(PROBLEM TO WORK ON):
Starting with the line that has "Here is the" in the records below and ending with the line that has "It is a cold", output those lines exactly and nothing more; omit the pictures.

(RECORDS):
-=-=-

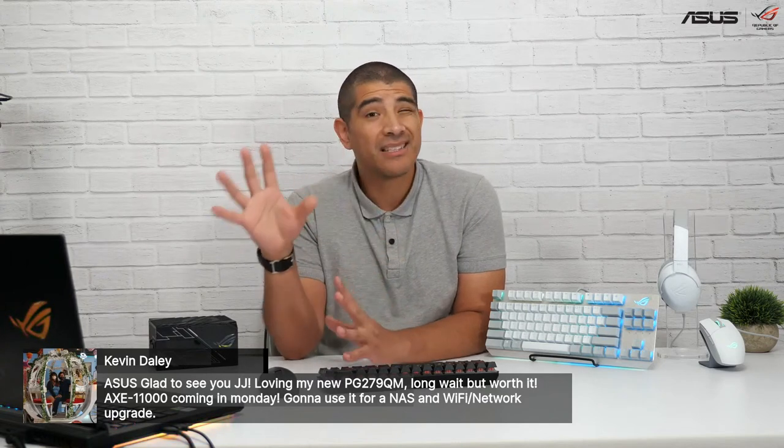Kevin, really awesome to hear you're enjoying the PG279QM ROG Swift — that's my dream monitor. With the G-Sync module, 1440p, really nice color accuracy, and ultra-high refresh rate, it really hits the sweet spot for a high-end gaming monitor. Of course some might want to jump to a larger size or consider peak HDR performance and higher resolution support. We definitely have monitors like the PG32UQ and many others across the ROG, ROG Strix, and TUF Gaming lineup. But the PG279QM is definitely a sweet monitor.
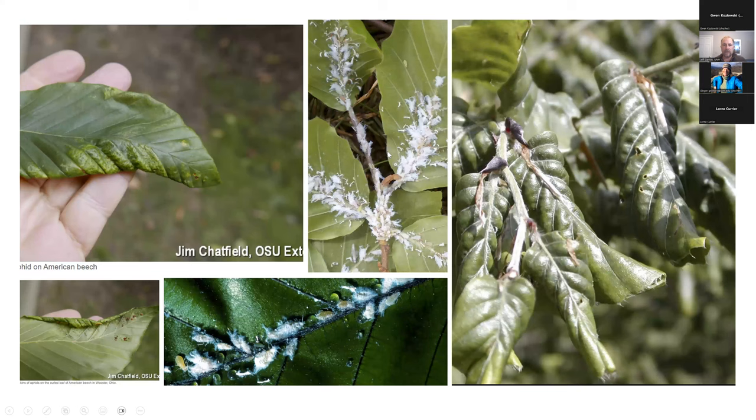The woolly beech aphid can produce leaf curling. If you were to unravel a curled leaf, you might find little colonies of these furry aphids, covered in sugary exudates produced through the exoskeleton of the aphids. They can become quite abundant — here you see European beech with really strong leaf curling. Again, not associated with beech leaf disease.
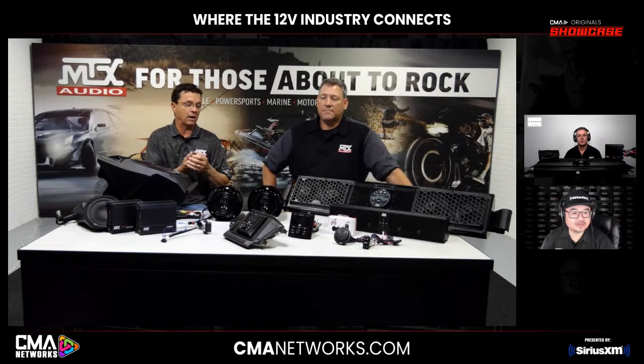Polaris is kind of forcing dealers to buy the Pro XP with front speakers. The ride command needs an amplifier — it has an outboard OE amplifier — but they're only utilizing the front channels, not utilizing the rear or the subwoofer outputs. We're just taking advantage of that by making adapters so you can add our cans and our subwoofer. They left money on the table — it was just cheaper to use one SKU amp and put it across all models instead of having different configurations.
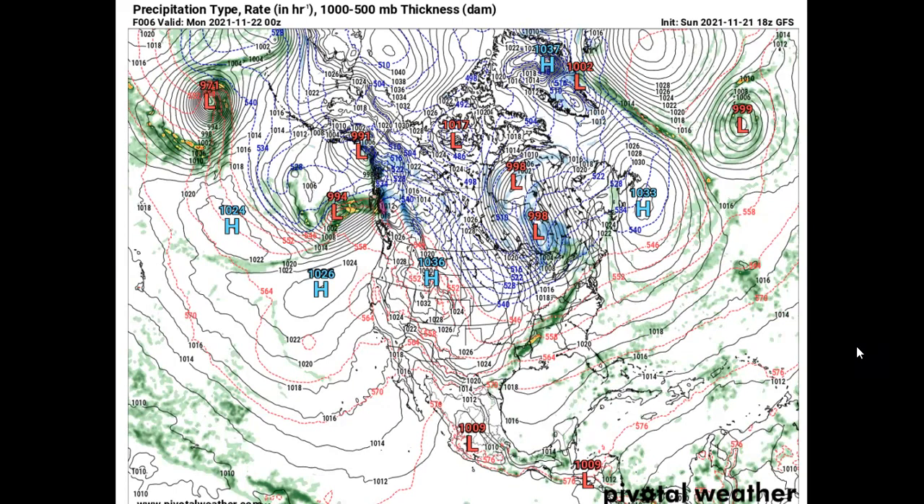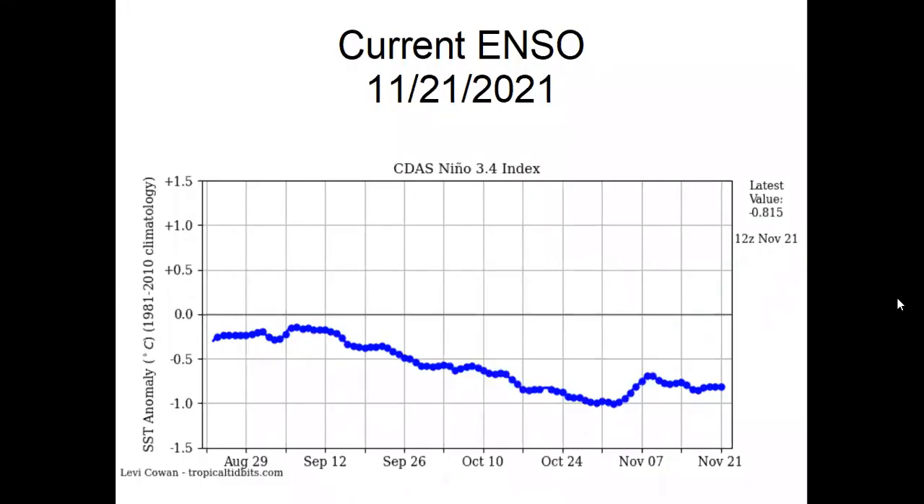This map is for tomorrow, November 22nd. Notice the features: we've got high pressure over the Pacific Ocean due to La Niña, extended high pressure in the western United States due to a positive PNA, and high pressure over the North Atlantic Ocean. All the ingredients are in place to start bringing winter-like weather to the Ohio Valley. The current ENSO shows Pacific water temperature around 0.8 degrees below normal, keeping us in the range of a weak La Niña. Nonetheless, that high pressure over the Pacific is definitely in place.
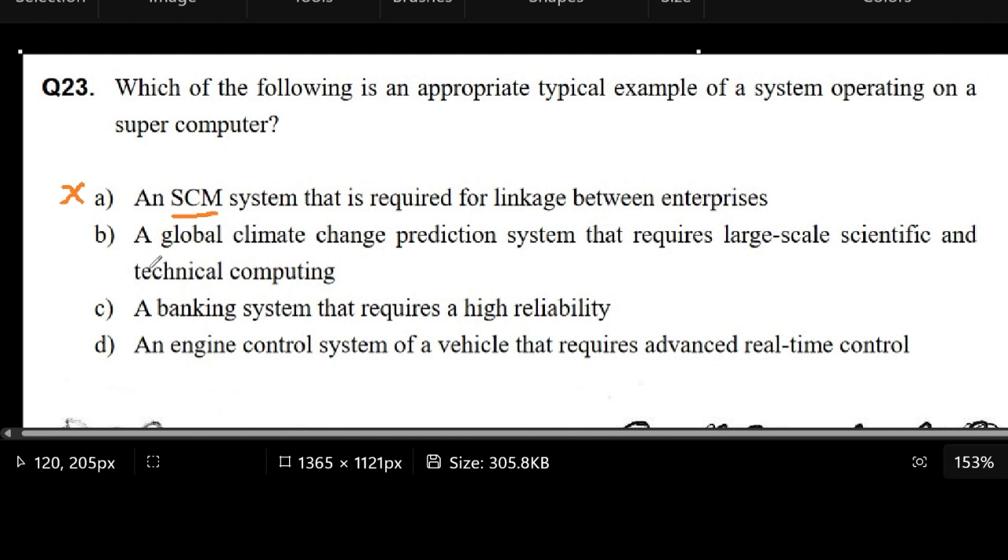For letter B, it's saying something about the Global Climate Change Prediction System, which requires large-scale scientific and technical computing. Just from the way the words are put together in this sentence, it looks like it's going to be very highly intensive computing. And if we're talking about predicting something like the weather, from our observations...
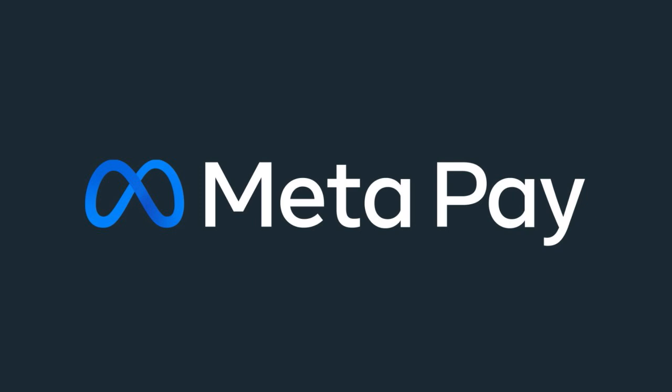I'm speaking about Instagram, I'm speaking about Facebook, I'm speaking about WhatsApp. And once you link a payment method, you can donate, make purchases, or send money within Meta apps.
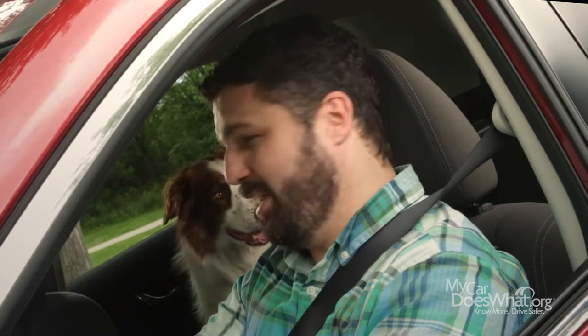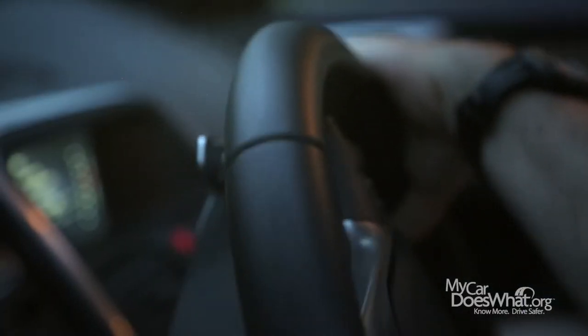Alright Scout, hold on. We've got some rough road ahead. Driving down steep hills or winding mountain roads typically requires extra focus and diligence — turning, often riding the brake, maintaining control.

-=-=-

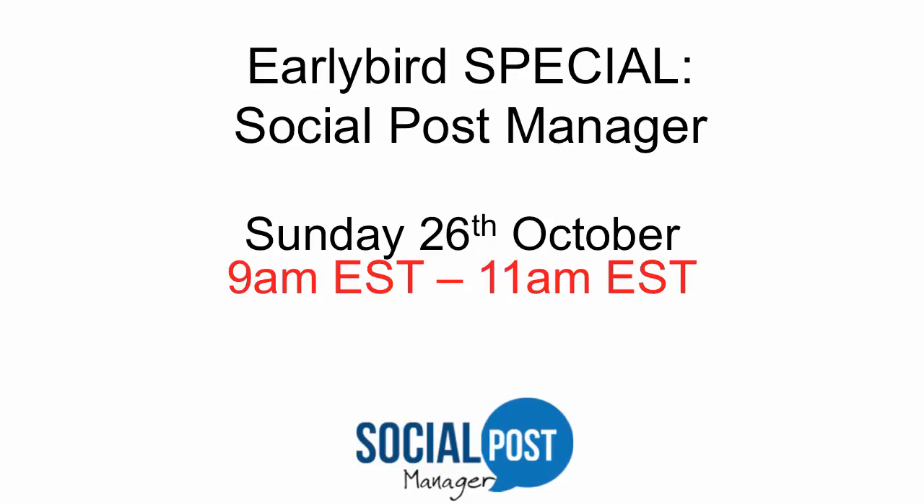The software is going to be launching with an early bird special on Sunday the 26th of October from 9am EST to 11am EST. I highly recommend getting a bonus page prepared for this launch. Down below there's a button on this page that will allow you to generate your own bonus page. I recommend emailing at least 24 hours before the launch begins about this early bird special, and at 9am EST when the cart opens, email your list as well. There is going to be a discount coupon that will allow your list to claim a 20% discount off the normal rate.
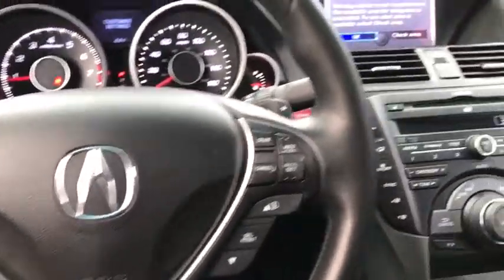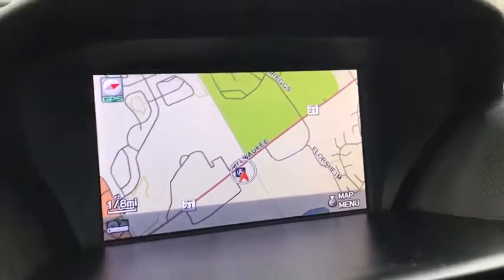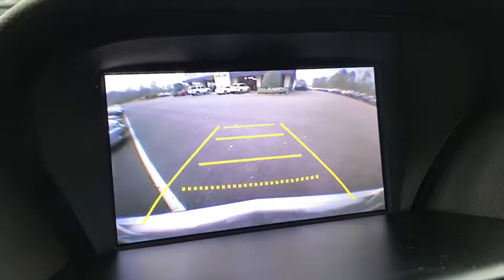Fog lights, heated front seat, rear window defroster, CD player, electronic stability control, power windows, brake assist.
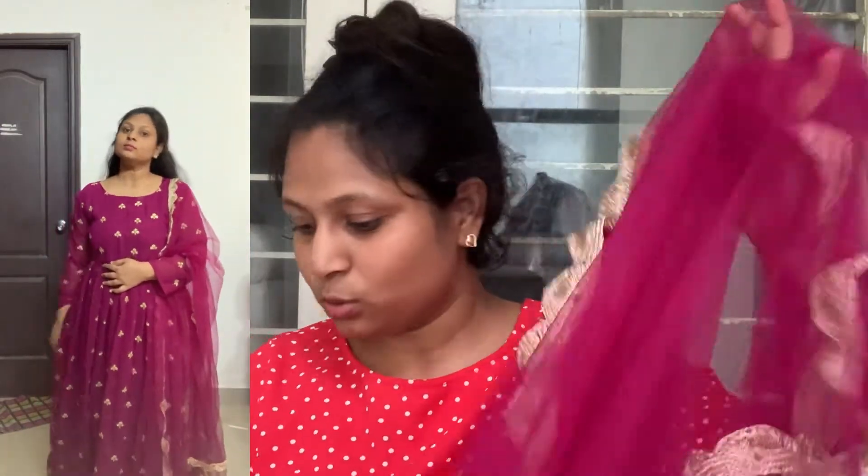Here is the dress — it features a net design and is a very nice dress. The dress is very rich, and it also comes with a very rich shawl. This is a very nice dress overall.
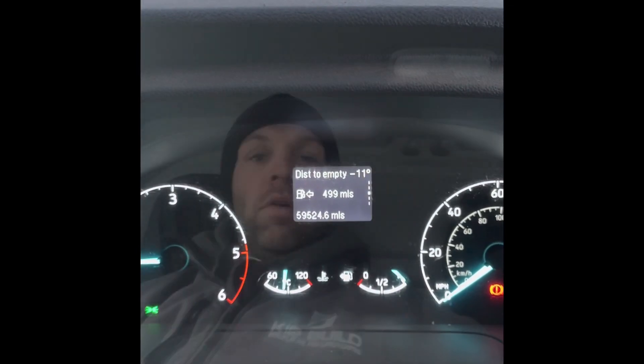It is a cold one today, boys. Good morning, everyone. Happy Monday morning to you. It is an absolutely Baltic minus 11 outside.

-=-=-

(YOUR SOLUTION):
Here is the dress — it features a net design and is a very nice dress. The dress is very rich, and it also comes with a very rich shawl. This is a very nice dress overall.
It is a cold one today, boys. Good morning, everyone. Happy Monday morning to you. It is an absolutely Baltic minus 11 outside.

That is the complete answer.